- PROBLEM DETAILS -
Begin with the line that holds "98P - 大学生活就从社团开始" and retype through the last line of the listing below, exactly; pictures are not part of the copy.
RECORDED INFORMATION section start
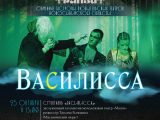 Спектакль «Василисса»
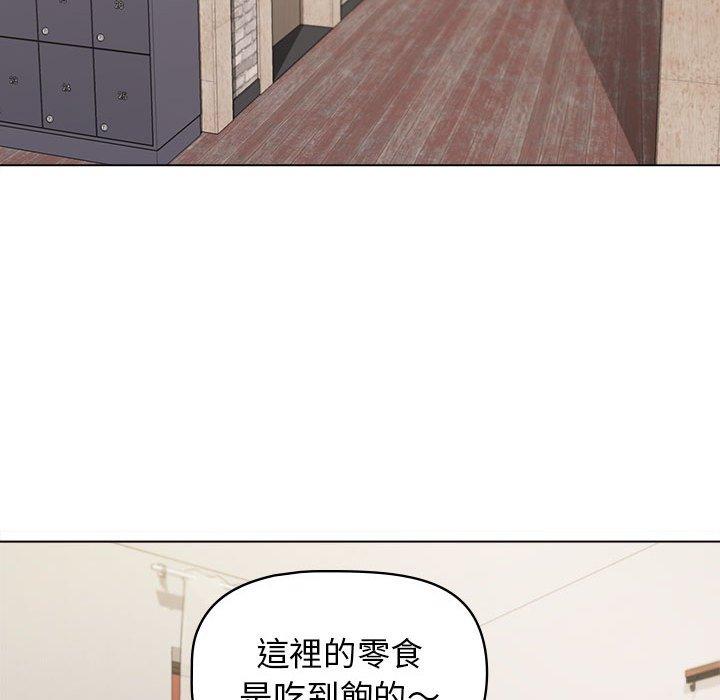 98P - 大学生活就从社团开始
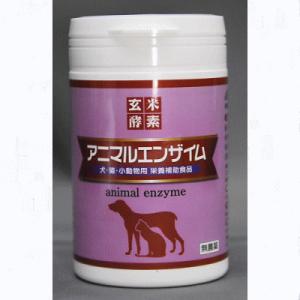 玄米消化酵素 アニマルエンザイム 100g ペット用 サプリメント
RECORDED INFORMATION section end
- RESULT OF THE EXERCISE -
 98P - 大学生活就从社团开始
 玄米消化酵素 アニマルエンザイム 100g ペット用 サプリメント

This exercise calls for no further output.